- **What you will do**
Please reproduce the entries exactly, skipping each picture.

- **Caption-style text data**
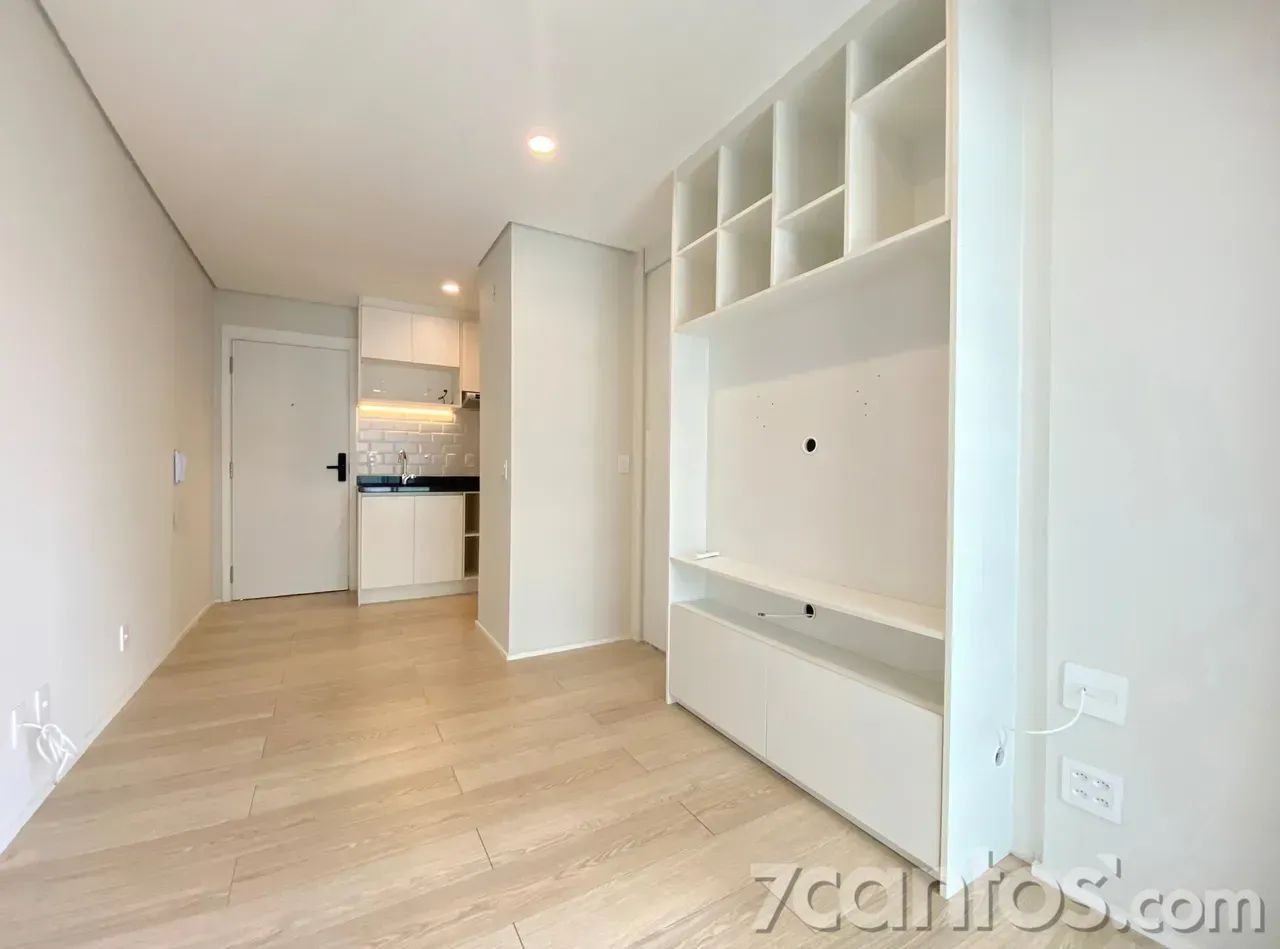 Apartamento, Pinheiros, 1 Quarto - Foto 3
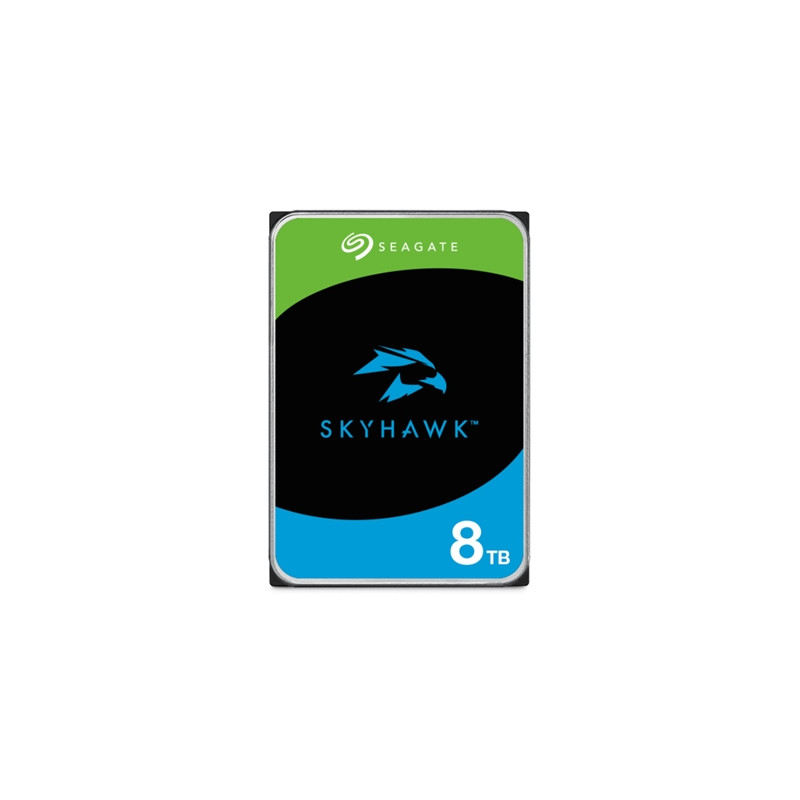 pSEAGATE/p st8000vx010 HARD DISK SATA 3.5" 8000GB(8TB) SEAGATE ST8000VX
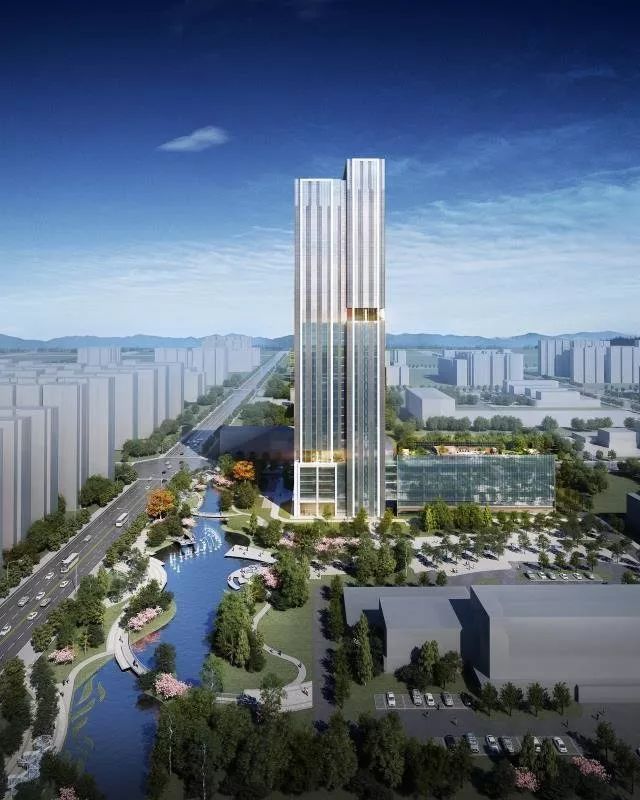 梅河口中如大厦何时开工,梅河口中如大厦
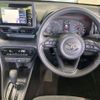 toyota yaris 2022 CFJ1752276 image 12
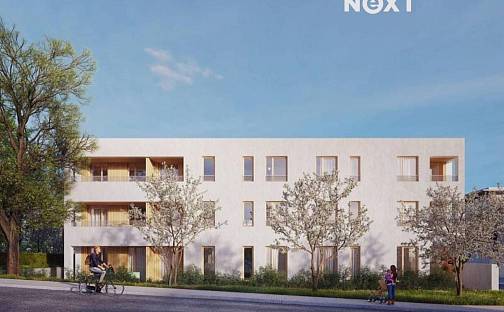 Prodej bytu 2+kk 60 m², Nová Tesla, Pardubice - Pardubičky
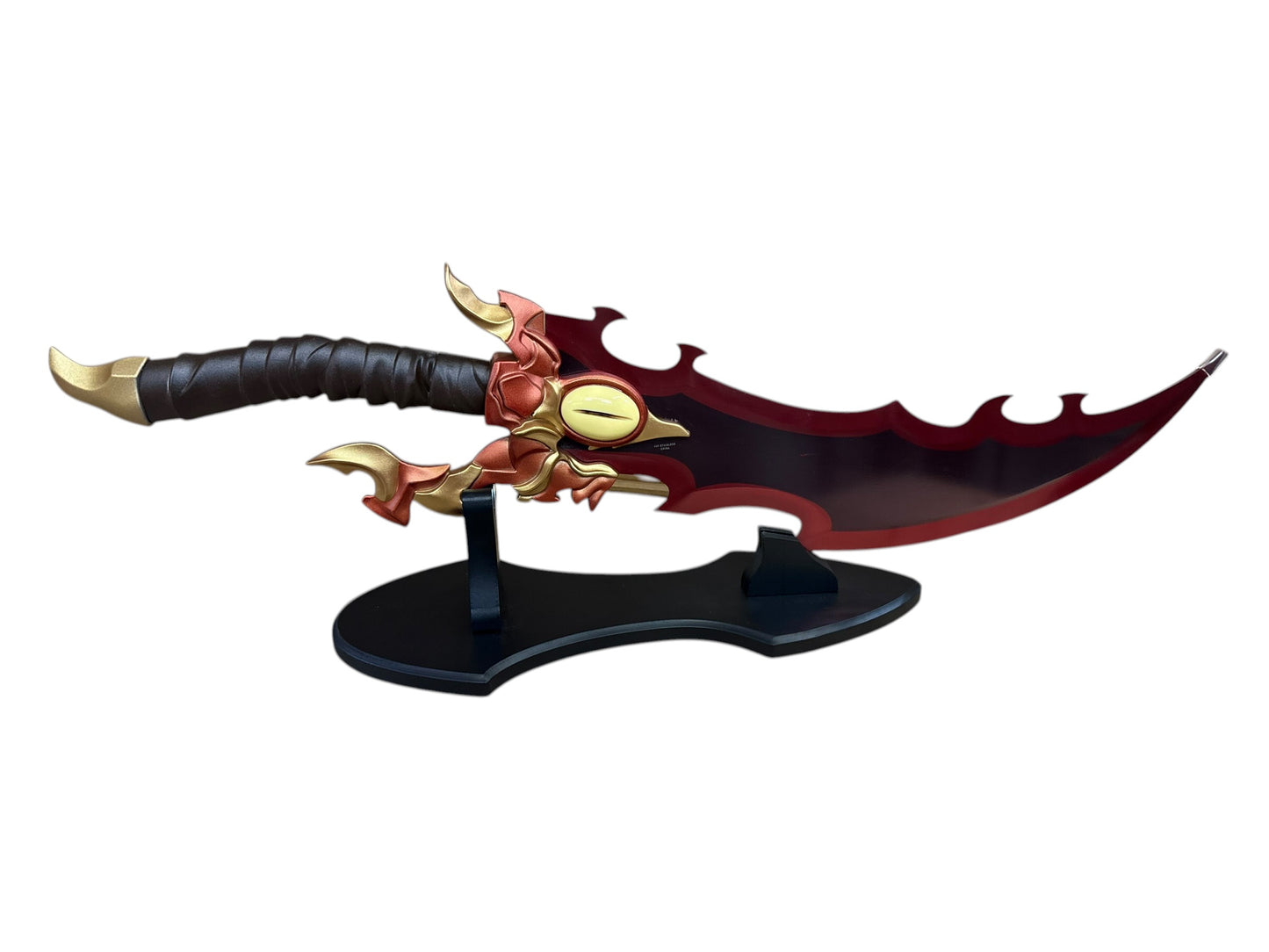 Leveling Replica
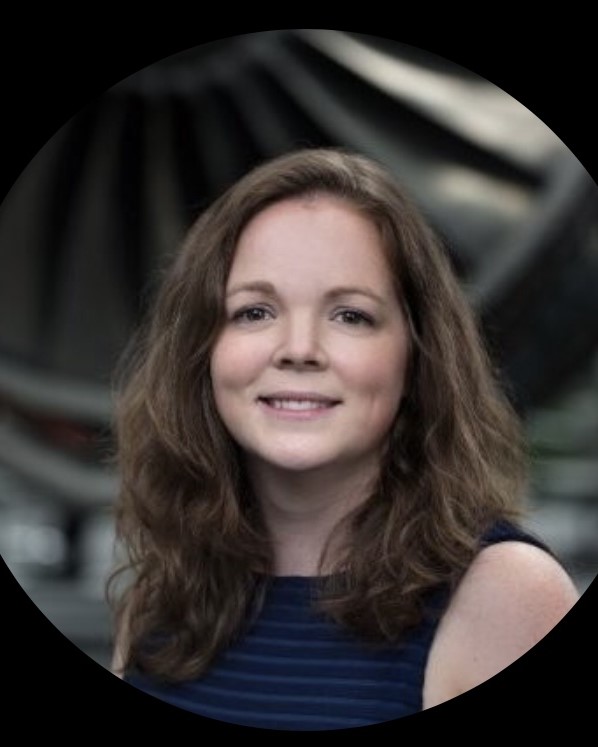 Chrissy Sedon, Founder of Blindside People Consulting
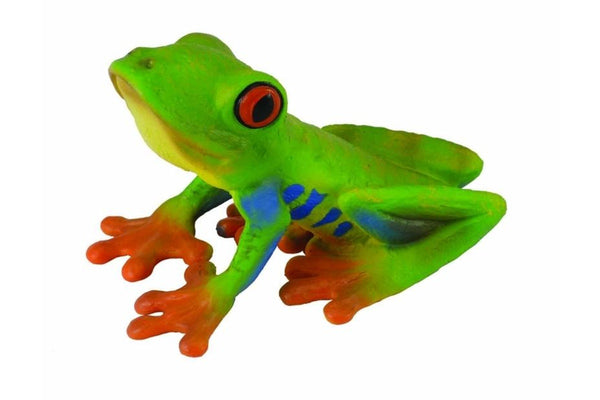 CollectA - Red-Eyed Tree Frog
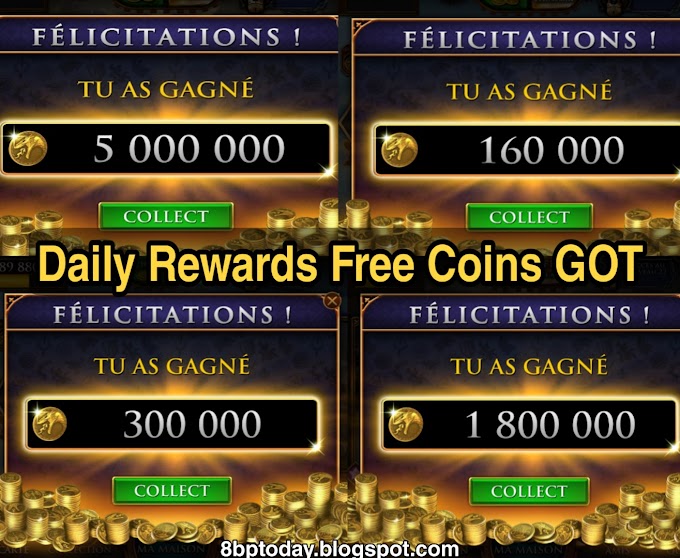 Game Of Thrones Slots Casino Free Coins Spin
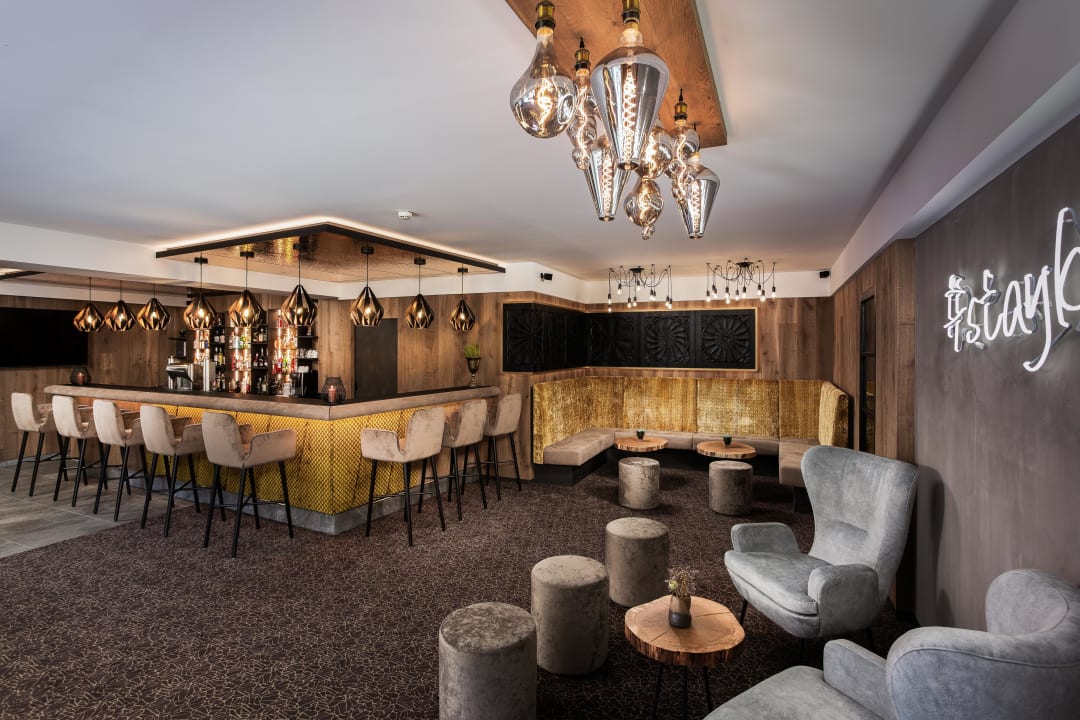 Gastro Hotel Kohlmais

- **Answer to this task**
 Apartamento, Pinheiros, 1 Quarto - Foto 3
 pSEAGATE/p st8000vx010 HARD DISK SATA 3.5" 8000GB(8TB) SEAGATE ST8000VX
 梅河口中如大厦何时开工,梅河口中如大厦
 toyota yaris 2022 CFJ1752276 image 12
 Prodej bytu 2+kk 60 m², Nová Tesla, Pardubice - Pardubičky
 Leveling Replica
 Chrissy Sedon, Founder of Blindside People Consulting
 CollectA - Red-Eyed Tree Frog
 Game Of Thrones Slots Casino Free Coins Spin
 Gastro Hotel Kohlmais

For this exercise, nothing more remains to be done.